Thursday, June 30

June in a nutshell, kind of

I never used to understand why people would let a whole month go by before they updated their blog. But I think now, three weeks after my last post, I'm beginning to understand. My beloved little blog is badly neglected because there isn't enough time to do everything that needs to be done, and writing a blog post when I've got a dirty house and bored kids just doesn't seem as justifiable as it once was.

Also, I have a one-year-old. And he doesn't stop moving unless he's getting into trouble. I forgot that fact about one-year-olds, but its all coming back to me now.


June is the best month of the year, but also one of the busiest. Three out of the five of us (Ryan, Jeremy and I) have birthdays in June, as well as my dad. They are all about a week apart which means we have birthday cake weekly. What's not to love about that? We were camping with Jeremy's family this year on my birthday, and at this stage of life that's about as good as it gets for my birthday. I didn't have to make breakfast, lunch or dinner, I didn't have to bathe any kids (though I probably should have), they played with cousins all day, Jeremy put them to bed, and I got to go out on the Rhino twice.
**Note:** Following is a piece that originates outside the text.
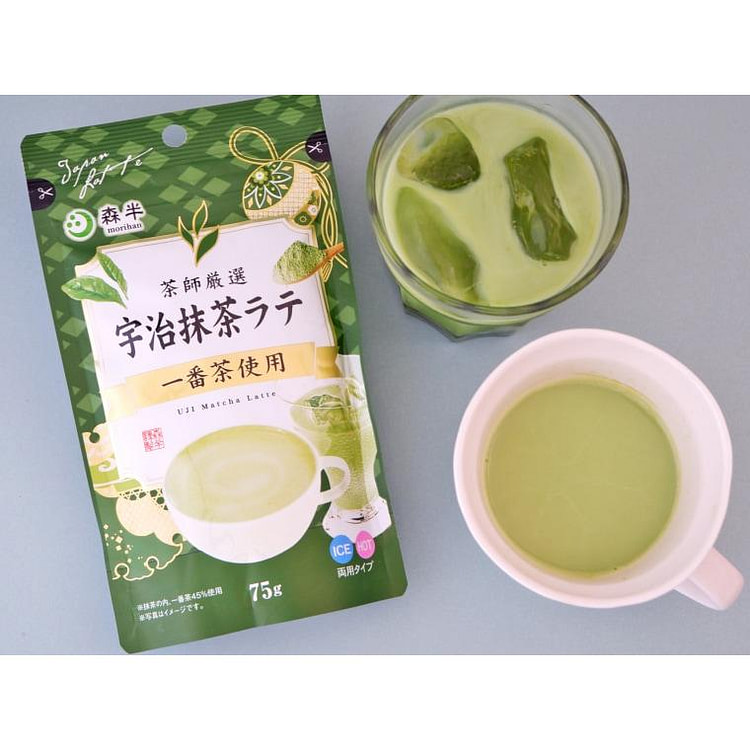 森半 宇治抹茶拿铁 75g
I turned 29 this year, and I've been thinking about how my life has changed while in my twenties. I think for most people that's the decade of their life that changes them the most, and for me it's definitely true. I got married two weeks after I turned 20, so it's hard to determine what changes and growth were a result of simply getting older, and which were a result of being in such an important relationship at such a young age. But while in my twenties I gained a huge amount of confidence. I still have such a long way to go to become truly confident in myself and my abilities, but compared to my teenage self I am now a confident person. I've also learned more about what my talents are. I used to think I didn't have any talents, especially because as a youth it seems that everyone focuses on "measurable" talents. Good grades, scoring well on tests, being the star of a sports team, being a performer, those are all measurable talents. Being a friend to the lonely, having an innate sense of right and wrong, being a good listener, dispensing good advice, those are all immeasurable talents and I've found most of my talents lie in that realm. What I didn't know when I was young was that those things are talents and that they are just as important, if not more than, the types most people focus on. I've also learned that some talents emerge later in life. Just in the past six months I've started to develop a talent I never thought I had. It makes me excited to think about what my life will look like in another ten years.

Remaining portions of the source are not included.